▶ _What is being asked_
Those lines of the data that hold the word "Coupe" are to be copied out.

───── Material provided ─────

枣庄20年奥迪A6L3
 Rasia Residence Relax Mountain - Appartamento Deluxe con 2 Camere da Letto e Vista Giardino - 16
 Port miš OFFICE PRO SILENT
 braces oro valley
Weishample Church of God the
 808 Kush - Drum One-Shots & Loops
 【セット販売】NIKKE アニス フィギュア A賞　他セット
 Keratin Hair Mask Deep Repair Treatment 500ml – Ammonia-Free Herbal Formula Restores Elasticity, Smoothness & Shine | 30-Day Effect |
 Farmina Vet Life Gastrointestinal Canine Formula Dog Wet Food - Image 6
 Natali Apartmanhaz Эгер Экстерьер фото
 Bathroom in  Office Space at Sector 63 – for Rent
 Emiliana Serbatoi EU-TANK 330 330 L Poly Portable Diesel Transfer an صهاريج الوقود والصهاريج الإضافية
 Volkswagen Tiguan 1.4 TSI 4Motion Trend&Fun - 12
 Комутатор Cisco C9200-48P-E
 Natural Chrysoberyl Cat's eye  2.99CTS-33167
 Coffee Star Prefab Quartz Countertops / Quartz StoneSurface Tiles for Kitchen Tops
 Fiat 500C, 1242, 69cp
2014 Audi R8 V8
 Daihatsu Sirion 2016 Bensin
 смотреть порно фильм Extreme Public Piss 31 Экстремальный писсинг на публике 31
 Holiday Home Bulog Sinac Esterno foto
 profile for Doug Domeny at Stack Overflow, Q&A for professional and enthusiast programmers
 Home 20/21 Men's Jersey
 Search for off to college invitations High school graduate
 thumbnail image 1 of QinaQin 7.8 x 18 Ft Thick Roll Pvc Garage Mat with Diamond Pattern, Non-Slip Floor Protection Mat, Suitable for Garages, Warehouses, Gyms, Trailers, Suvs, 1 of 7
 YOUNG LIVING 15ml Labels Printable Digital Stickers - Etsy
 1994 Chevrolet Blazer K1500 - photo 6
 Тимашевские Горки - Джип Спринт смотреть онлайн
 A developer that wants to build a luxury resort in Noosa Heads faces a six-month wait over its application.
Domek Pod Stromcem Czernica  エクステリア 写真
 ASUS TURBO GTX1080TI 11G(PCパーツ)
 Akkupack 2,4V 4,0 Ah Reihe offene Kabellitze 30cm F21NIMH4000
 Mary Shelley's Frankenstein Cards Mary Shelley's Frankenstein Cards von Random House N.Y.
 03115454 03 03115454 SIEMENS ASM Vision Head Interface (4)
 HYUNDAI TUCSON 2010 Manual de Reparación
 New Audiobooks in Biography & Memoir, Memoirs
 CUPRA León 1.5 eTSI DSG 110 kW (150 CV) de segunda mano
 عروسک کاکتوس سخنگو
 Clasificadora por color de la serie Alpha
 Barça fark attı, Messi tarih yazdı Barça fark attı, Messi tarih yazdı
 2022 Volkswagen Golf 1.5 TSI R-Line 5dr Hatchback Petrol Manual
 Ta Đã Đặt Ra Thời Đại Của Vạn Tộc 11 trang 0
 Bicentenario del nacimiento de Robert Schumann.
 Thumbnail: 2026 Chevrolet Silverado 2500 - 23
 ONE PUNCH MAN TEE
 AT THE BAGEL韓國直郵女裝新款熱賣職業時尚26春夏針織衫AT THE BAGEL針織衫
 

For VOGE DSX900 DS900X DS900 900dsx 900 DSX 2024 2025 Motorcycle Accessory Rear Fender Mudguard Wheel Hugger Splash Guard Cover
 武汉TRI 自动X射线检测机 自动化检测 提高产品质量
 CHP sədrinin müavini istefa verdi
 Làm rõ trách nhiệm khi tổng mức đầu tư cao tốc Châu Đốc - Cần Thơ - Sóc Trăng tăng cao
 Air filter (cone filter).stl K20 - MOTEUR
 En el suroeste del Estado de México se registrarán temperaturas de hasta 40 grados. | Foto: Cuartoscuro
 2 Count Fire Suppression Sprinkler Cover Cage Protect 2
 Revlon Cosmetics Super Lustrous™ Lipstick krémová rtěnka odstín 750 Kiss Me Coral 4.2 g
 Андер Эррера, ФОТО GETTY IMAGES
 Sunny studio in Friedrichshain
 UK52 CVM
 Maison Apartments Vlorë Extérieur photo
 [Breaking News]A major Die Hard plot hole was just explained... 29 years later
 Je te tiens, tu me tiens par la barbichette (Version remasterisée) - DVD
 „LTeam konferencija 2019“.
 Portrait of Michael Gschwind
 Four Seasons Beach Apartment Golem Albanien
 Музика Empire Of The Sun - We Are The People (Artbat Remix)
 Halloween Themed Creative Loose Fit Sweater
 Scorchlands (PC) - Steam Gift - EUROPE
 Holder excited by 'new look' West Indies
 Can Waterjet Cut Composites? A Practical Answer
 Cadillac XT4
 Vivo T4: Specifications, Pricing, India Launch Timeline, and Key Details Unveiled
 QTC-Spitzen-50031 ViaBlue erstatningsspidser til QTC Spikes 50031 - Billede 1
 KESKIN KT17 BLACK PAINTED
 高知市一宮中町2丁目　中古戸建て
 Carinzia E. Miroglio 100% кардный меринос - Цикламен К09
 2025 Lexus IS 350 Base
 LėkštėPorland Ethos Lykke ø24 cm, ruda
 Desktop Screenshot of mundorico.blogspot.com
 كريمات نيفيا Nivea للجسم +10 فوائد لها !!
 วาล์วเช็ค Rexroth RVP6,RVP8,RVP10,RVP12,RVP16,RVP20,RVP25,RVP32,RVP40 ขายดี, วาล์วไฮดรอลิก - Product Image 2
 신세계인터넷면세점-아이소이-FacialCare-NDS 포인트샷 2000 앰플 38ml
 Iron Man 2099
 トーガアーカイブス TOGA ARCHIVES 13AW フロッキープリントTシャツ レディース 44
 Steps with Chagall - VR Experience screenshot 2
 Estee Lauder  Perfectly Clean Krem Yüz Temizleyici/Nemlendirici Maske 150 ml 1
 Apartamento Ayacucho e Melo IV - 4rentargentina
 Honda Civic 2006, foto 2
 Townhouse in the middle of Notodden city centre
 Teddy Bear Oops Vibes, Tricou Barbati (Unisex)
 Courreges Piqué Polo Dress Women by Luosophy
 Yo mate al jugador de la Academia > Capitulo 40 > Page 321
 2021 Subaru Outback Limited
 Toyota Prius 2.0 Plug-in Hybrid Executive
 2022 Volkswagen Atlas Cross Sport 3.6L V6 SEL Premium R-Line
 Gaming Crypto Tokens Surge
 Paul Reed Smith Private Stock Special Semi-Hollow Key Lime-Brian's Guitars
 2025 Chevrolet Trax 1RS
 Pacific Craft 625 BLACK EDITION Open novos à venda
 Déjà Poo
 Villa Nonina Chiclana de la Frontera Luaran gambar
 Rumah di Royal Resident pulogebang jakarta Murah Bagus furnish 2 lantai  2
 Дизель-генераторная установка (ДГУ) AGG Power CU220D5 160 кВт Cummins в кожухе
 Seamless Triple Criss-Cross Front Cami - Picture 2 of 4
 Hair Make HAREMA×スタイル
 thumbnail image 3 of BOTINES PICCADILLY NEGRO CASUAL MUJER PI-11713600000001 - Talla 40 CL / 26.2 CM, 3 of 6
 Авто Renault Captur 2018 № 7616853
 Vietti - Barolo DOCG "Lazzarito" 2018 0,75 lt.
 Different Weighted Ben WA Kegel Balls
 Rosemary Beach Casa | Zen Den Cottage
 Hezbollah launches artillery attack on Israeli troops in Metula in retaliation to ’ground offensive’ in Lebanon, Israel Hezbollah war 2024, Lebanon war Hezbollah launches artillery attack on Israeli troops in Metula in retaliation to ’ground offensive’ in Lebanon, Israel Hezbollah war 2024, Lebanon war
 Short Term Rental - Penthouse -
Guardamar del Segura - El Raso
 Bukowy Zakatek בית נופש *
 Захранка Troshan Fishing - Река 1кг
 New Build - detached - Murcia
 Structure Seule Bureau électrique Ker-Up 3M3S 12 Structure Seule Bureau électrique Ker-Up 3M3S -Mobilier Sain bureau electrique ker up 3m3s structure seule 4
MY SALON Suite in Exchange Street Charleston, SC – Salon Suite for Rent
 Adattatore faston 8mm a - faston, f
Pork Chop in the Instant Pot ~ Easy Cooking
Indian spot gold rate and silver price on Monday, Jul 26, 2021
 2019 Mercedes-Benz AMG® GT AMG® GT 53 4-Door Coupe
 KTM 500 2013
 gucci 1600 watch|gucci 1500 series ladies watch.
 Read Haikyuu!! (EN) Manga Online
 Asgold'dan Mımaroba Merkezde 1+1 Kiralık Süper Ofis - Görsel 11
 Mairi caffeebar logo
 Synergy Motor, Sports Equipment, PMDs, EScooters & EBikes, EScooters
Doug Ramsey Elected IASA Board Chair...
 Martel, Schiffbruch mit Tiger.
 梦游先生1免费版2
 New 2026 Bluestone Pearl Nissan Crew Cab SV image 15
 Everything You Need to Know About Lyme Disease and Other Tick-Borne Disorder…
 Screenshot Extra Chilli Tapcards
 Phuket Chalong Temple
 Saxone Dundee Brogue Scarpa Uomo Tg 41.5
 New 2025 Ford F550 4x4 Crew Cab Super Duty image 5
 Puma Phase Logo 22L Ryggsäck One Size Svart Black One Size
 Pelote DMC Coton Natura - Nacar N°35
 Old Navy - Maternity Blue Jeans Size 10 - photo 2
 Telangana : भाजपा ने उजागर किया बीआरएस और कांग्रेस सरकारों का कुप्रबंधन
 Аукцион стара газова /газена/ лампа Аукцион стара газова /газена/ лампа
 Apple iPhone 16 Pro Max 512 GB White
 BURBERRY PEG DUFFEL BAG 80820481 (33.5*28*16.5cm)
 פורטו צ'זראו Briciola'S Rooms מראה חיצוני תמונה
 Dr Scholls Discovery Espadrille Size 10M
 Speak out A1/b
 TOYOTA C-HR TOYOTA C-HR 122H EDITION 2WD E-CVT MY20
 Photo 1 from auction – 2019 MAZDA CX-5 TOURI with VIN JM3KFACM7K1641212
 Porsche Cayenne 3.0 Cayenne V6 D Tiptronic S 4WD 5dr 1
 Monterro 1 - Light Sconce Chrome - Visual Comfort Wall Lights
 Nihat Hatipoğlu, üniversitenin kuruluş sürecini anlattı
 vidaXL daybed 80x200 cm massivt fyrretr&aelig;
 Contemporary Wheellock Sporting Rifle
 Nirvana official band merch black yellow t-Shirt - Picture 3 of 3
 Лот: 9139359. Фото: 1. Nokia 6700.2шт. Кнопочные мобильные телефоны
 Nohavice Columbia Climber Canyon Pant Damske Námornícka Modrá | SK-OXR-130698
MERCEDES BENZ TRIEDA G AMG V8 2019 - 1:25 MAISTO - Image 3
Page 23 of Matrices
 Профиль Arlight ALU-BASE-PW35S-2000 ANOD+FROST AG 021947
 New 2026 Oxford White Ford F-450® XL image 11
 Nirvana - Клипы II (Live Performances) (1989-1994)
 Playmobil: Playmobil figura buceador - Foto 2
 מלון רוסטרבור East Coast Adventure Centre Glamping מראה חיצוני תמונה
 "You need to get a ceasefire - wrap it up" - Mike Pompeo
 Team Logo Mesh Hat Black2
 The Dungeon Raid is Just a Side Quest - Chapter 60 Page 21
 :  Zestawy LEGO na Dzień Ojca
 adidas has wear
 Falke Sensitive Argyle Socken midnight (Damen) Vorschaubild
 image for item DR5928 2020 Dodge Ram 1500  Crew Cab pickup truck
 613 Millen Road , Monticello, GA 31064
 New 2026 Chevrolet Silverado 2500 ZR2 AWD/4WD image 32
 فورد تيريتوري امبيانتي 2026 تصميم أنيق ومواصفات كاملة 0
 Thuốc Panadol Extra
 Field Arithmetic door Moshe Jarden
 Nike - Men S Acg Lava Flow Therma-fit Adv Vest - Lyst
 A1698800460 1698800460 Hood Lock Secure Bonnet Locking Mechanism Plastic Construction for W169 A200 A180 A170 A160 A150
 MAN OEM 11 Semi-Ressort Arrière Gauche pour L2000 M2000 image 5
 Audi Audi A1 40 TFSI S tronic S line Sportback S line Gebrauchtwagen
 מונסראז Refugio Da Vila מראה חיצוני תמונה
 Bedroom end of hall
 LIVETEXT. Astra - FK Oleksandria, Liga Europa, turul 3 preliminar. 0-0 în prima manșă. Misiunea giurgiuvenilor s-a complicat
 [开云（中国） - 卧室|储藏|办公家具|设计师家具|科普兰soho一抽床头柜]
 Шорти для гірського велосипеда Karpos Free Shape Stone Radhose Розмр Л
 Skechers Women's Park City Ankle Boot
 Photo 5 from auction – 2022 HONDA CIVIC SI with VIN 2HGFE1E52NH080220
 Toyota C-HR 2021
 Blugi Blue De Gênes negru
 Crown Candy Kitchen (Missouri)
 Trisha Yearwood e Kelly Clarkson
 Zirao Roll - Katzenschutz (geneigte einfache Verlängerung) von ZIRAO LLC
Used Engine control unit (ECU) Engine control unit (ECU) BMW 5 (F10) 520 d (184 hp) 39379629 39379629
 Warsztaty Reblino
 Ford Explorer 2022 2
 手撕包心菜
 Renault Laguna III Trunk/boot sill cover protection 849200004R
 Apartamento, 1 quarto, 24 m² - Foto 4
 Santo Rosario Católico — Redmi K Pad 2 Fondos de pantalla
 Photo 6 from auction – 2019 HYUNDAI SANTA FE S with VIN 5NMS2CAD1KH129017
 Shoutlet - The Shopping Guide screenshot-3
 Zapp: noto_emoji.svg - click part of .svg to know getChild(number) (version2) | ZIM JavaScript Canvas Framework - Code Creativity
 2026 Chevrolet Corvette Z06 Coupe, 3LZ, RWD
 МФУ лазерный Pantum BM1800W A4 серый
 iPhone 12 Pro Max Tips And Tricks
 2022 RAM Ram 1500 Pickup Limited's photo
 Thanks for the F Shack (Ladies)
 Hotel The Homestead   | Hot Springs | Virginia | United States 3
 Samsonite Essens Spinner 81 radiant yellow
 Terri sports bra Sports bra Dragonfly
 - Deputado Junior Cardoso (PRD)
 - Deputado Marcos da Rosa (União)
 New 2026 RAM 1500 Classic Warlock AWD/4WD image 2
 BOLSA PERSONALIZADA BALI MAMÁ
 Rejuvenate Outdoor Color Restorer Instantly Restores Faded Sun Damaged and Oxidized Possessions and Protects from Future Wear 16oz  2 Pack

─────

▶ _Result of the task_
 2019 Mercedes-Benz AMG® GT AMG® GT 53 4-Door Coupe
 2026 Chevrolet Corvette Z06 Coupe, 3LZ, RWD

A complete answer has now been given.